Minister for Development, Planning and Aid Co-ordination
- Incumbent
- Assumed office 22 October 2012
- Prime Minister: Gordon Darcy Lilo
- Preceded by: Snyder Rini

Minister for Agriculture and Livestock
- In office 21 November 2011 – 22 October 2012
- Prime Minister: Gordon Darcy Lilo
- Preceded by: himself (before 10 day vacancy)
- Succeeded by: David Tome

Minister for Agriculture and Livestock
- In office 30 August 2010 – 11 November 2011
- Prime Minister: Danny Philip
- Succeeded by: himself (after vacancy)

Member of Parliament for North West Choiseul
- Incumbent
- Assumed office 4 August 2010
- Preceded by: Clement Kengava

Personal details
- Born: 11 June 1956 (age 69)
- Party: Independent

= Connelly Sadakabatu =

Solomon Islands politician (born 1956)

Connelly Sadakabatu (born 11 June 1956) is a Solomon Islands politician.
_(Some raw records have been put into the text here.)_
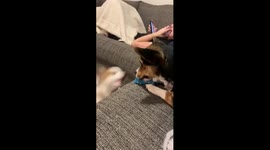 Give me the toy.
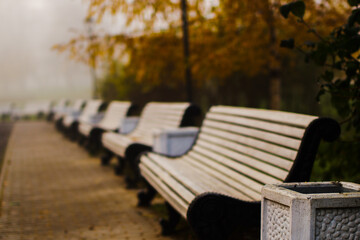 bench in the park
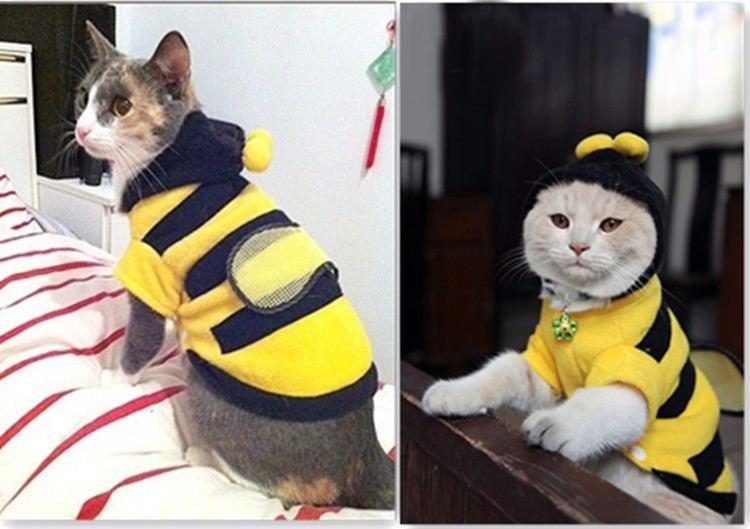 Vêtements D'abeille Pour Votre Chat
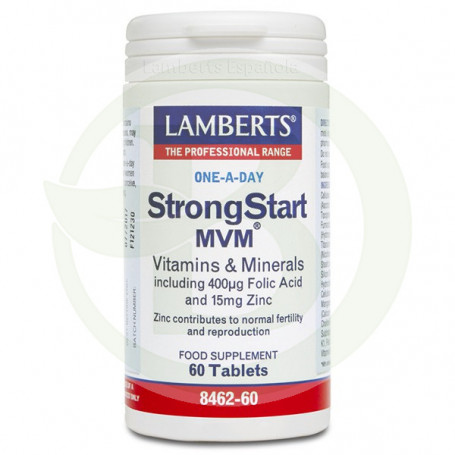 STRONGSTAR MVM (EMBARAZO) LAMBERTS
He studied tropical agriculture at the Popondetta Agricultural College in Papua New Guinea, obtained a diploma in teaching agriculture at the University of Papua New Guinea in 1986, and then a master's degree in agriculture at the University of Western Sydney in 1996. He worked as a public servant, most notably becoming head of school at the Solomon Islands College of Higher Education.

He was first elected to the National Parliament of Solomon Islands as Independent MP for North West Choiseul in the August 2010 general election. Prime Minister Danny Philip appointed him Minister for Agriculture and Livestock Development in his coalition government. In November 2011, he crossed the floor to the Opposition with several other MPs, helping it to bring down the Philip government through a motion of no confidence. The new Prime Minister, Gordon Darcy Lilo, returned Sadakabatu to the position he had held under Philip. In October 2012, in a Cabinet reshuffle, he was shifted to the position of Minister for Development, Planning and Aid Co-ordination.